TWIC was the first topic in the afternoon, which included some interesting stories about forgeries.  Many of us have seen guards fooled by fairly simple fakes, like those made on a copy machine and hotel rewards cards.  Good training can catch these fakes, but professional forgeries are all too easy to find these days.  Fortunately electronic TWIC readers, which a majority of our students are using, can catch these threats.

Another key topic was Facility Security Assessment (FSA) procedures.  The FSA is the foundation of your Facility Security Plan, and if done correctly, will help you identify the security procedures at all MARSEC levels that will reduce your operational risk, meet the regulations, and align with your business practices.  At Seebald and Associates we take pride in our FSA process, which always includes a risk-based-analysis of threats, vulnerabilities, and consequences.

Speaking of FSAs, we also discussed the latest Coast Guard policy guidance on incorporating cybersecurity into the FSA, which was released just weeks earlier.  Seebald & Associates is already incorporating this policy into our procedures. 

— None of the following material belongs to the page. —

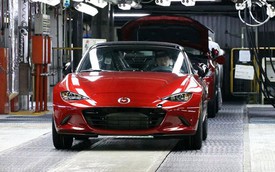 Xe mui trần bán chạy Mazda MX-5 2016 ít “khát xăng” hơn trước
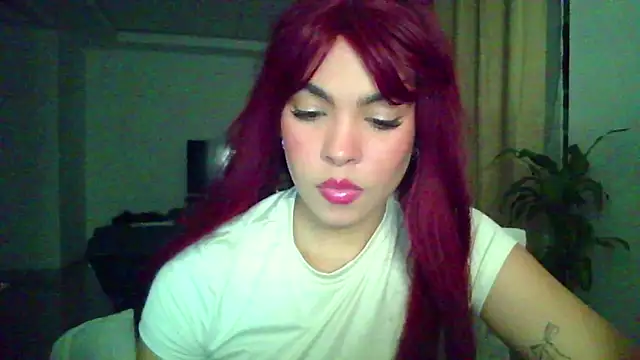 Snapshot of Kiri_Cutee chatting on 11.19.25 Kiri Cutee online show from 11.19.25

Wednesday closes out the FSO course, with 34 graduates joining the 21 Refresher FSO students as we transition to the Symposium, with special guest speakers and panel discussions on cybersecurity, high reliability and situational awareness and ending the day with Dr. Watkins, Valero Executive Director for Global Securities will discuss the response and lessons learned from the recent protests on Valero facilities in the United Kingdom and Valero's planning against this threat against their facilities in the U.S.